BISMARCK, N.D. (AP) — Enough natural gas to heat every home in North Dakota through at least two brutal winters was burned off as an unmarketable byproduct in the state's oil patch in 2008, records obtained by The Associated Press show.
North Dakota produced a record 62.8 million barrels of oil last year, up nearly 18 million barrels from 2007. Natural gas, a byproduct of oil production, was pegged at 86 billion cubic feet — of which 26 billion cubic feet was "flared" because of the lack of collecting systems and pipelines needed to move it to market, said Lynn Helms, director of the state Department of Mineral Resources.
"Although natural gas creates much less revenue than oil, there is still a lot of value there," Helms said. "We don't want to see it go up in smoke."
Helms said "tens of millions of dollars" of natural gas pipelines are being planned for North Dakota, and capacity is being increased at three of the nine processing plants in the state. But it may take up to three years for the infrastructure to be built to process and ship natural gas from wells where it's now being flared, he said.
Flaring natural gas also creates carbon dioxide emissions blamed for global warming.
"This is a waste of a natural resource and it's completely unacceptable," said Wayde Schafer, a North Dakota spokesman for the Sierra Club. "We're getting the pollution without getting the energy."
Less than 1 percent of natural gas is flared from oil fields nationwide, and less than 3 percent worldwide, said Amy Sweeney, a statistician for the Energy Information Administration in Washington, D.C.
North Dakota flaring nearly a third of its natural gas "obviously is an anomaly," she said.
"We are burning a commodity but we really don't have a choice because nobody wants the oil wells to stop producing," said Ron Ness, president of the North Dakota Petroleum Council, a Bismarck-based group that represents about 160 companies.
Ness said the oil boom, led by the Bakken shale formation in western North Dakota, also spurred record natural gas production that was more than the pipeline infrastructure could handle, he said.
"Oil production increased 73 percent last year so there was no way around it," Ness said. "Nobody wants to burn a valuable resource."
North Dakota homes used about 11.5 billion cubic feet of natural gas in 2008, Sweeney said.
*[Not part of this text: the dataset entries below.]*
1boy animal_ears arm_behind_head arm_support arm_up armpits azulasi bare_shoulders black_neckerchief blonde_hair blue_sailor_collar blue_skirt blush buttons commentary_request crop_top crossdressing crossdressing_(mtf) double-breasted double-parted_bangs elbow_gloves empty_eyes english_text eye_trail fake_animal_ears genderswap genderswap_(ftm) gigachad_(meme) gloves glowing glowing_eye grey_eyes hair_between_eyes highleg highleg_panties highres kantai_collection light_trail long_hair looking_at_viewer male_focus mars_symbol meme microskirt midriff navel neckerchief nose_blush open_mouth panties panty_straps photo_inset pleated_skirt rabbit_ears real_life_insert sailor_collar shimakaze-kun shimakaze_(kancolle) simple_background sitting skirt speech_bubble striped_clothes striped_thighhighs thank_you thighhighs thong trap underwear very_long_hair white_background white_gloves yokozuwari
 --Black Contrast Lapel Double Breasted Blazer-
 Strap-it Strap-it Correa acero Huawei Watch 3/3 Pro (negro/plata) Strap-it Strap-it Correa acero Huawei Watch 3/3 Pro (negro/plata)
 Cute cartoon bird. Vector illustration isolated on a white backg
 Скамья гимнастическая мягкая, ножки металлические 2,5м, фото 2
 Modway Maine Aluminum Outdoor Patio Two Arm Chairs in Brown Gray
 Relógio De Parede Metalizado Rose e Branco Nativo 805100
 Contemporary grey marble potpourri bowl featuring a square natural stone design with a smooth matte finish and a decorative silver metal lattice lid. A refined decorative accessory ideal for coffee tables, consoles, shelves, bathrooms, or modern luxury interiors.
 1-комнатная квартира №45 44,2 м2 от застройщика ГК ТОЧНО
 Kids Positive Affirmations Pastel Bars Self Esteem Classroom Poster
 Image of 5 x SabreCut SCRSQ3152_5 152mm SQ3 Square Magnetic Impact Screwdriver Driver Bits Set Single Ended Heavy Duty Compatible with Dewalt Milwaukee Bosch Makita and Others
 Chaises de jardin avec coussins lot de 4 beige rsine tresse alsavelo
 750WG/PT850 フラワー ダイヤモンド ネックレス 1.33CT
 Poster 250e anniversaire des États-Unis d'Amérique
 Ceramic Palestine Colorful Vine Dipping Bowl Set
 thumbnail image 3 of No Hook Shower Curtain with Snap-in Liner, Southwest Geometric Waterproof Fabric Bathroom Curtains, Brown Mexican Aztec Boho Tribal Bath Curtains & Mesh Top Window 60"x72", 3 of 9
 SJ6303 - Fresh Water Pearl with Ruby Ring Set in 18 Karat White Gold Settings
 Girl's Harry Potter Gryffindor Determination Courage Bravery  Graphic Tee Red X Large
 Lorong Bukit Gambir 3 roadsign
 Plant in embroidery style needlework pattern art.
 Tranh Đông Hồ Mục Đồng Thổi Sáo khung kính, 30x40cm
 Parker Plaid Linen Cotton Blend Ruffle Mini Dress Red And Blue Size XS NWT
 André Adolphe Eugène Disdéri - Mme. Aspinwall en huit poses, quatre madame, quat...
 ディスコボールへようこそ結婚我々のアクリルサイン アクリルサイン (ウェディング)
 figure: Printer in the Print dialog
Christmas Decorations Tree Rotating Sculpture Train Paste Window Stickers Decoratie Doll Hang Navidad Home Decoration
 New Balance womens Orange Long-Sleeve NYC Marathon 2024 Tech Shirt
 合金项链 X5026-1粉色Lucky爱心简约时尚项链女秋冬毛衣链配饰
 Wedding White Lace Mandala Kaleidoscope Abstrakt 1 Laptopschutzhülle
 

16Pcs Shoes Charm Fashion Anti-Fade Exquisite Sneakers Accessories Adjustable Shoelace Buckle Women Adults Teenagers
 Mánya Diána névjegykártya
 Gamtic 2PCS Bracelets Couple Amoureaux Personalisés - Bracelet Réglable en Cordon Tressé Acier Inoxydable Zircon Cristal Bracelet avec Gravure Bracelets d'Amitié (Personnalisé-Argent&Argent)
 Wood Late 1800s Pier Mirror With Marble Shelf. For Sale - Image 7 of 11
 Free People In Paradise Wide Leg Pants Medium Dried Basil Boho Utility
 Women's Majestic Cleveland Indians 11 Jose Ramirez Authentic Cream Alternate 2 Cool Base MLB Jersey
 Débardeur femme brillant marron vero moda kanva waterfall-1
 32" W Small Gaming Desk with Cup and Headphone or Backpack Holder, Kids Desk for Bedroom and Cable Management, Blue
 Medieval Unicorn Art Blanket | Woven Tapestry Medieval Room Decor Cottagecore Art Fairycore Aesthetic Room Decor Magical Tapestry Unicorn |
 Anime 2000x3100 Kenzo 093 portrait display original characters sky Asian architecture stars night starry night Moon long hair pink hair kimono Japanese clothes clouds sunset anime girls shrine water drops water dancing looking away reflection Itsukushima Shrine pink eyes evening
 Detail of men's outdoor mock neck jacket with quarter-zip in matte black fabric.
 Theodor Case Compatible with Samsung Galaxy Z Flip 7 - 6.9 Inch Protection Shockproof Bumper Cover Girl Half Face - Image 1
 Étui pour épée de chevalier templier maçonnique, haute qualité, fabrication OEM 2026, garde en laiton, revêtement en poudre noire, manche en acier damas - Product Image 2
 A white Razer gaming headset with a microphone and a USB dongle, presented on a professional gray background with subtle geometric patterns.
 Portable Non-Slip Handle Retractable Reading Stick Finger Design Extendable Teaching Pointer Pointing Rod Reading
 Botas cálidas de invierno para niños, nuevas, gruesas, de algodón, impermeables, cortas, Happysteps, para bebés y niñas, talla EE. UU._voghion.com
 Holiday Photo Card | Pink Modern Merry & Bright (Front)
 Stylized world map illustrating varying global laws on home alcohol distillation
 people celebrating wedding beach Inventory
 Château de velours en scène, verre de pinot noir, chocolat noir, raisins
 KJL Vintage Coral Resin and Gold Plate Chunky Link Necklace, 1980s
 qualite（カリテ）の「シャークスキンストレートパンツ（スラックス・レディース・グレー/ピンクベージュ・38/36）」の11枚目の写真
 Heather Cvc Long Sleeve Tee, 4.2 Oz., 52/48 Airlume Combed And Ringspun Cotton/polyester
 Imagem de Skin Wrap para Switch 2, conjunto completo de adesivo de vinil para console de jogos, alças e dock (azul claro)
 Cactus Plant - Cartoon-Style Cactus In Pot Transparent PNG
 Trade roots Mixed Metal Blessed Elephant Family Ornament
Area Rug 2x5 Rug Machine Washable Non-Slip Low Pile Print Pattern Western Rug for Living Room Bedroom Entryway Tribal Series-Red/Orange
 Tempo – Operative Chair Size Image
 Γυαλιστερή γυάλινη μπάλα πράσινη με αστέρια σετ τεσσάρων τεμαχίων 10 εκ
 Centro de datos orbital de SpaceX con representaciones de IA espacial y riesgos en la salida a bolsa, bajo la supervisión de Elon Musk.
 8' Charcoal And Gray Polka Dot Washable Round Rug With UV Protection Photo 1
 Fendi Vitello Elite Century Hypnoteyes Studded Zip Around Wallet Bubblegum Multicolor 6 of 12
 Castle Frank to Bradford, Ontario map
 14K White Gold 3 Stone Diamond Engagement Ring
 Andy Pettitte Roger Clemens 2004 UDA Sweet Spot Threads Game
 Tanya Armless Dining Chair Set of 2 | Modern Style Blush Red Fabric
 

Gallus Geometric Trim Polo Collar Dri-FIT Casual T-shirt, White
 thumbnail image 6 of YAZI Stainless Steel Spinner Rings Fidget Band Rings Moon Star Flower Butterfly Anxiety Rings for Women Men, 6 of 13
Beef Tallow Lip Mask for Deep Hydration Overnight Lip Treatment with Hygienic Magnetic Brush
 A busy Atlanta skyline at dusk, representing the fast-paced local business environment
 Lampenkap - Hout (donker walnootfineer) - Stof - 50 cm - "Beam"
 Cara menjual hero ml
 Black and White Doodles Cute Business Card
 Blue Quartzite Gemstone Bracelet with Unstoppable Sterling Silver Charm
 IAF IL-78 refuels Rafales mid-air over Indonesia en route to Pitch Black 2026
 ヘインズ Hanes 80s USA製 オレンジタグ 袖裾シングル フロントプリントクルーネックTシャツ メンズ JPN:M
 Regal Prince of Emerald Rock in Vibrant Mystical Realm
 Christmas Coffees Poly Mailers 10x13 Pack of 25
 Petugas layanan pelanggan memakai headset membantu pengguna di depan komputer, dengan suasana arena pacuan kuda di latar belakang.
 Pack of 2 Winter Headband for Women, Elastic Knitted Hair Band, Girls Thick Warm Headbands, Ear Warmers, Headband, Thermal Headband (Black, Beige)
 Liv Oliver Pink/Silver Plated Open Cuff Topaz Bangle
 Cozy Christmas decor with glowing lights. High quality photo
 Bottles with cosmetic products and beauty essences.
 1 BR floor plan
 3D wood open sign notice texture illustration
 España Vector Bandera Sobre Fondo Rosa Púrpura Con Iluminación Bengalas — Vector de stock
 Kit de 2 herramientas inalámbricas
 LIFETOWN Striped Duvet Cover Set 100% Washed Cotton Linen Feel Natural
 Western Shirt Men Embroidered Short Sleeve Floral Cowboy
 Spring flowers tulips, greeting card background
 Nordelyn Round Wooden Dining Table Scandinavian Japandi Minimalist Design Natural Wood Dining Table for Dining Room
Industry consumes about two-thirds of natural gas in the state, she said.
Terry O'Clair, the state Health Department's air quality director, said the flare emissions in the state's oil patch are within acceptable air quality guidelines.
Pecan Pipeline North Dakota Inc., a subsidiary of EOG Resources Inc. of Houston, is building a $45 million pipeline that would transport natural gas about 75 miles from Palermo to Towner, where it would hook up with the Alliance pipeline that runs from western Canada to Chicago.
Justin Kringstad, director of the state Pipeline Authority, said the Prairie Rose Pipeline slated to be completed this fall could move about 80 million cubic feet of natural gas daily.
And Bismarck-based Williston Basin Interstate Pipeline Co., a unit of MDU Resources Group Inc., announced last year that it is planning a 100-mile-long pipeline to carry natural gas from the Bakken shale formation. The pipeline would cost between $50 million and $75 million and would initially carry 100 million cubic feet of natural gas daily.
But spokesman Mark Hanson said the project is hampered by a glut in the natural gas market, an ailing economy and low energy demand. Natural gas is fetching just over $3 per 1,000 cubic feet, down from more than $10 a year ago.
"We're still exploring demand and potential customers," Hanson said. "We need customers for the gas to go to."